A Wollongong apprentice barber who was sacked after calling in sick on Australia Day has had a win in the Fair Work Commission.
Apprentice Con Mourmourakis had been employed at Bladerunner Cuts in Wollongong for more than a year when he told his boss, Muqdam Alkuzaie via SMS on January 25 that he wouldn't be at work the following day - Australia Day.
"Hey Mick," the SMS read, "went to the doctor. She said what I have is called gastro. Still not feeling good, won't be able to come in tomorrow."
This didn't impress Mr Alkuzaie, who alleged Mr Mourmourakis was faking it - "U keep doing it over n over, u acting sick".
"That's so unfair," Mr Mourmourakis responded. "I have not taken one day off sick since July."
On Thursday, February 28, Mr Mourmourakis again called in sick for the following day. The boss responded by saying he would be off every Friday from then on - which was a cutting of the apprentice barber's hours.
Several days later, Mr Alkuzaie sacked the apprentice, giving him two weeks' notice. After his dismissal, another person was hired in the apprentice's role.
Both parties attended a Fair Work Commission hearing in Wollongong in July this year, appearing before the commission's Deputy President Gerard Boyce.
Mr Alkuzaie gave three reasons for the dismissal; the role was no longer required, that Mr Mourmourakis' performance was below standard and being unavailable due to "alleged temporary illness".

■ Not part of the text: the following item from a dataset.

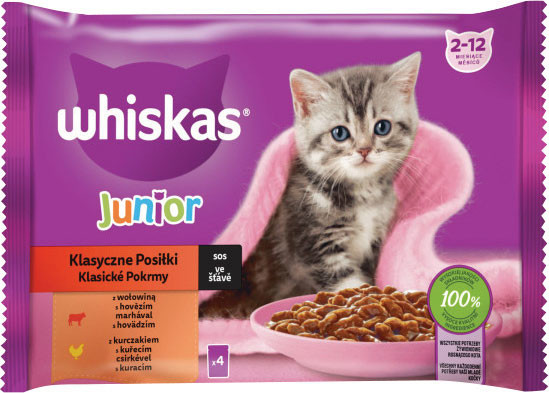 Whiskas cat Junior Mäsový výber kura&hovädzie&jahňa&králik v šťave 4 x 85 g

Deputy President Boyce rejected the first two reasons but accepted the third.
However, the Fair work Act stated a person cannot be sacked "because of a temporary illness or injury".
"I find that there was no valid reason for the applicant's dismissal by the respondent," Deputy President Boyce's judgement read.
He also found the apprentice was not notified that was the reason for his sacking, nor was he given a chance to respond.
"I am satisfied that the dismissal of the applicant was harsh and unjust," Deputy President Boyce found.
Mr Mourmourakis did not want his job back - "nor do I consider it appropriate given the total breakdown in the employment relationship", Deputy President Boyce found.
Instead the deputy president ordered that a before-tax compensation of just over $3000 be paid to Mr Mourmourakis.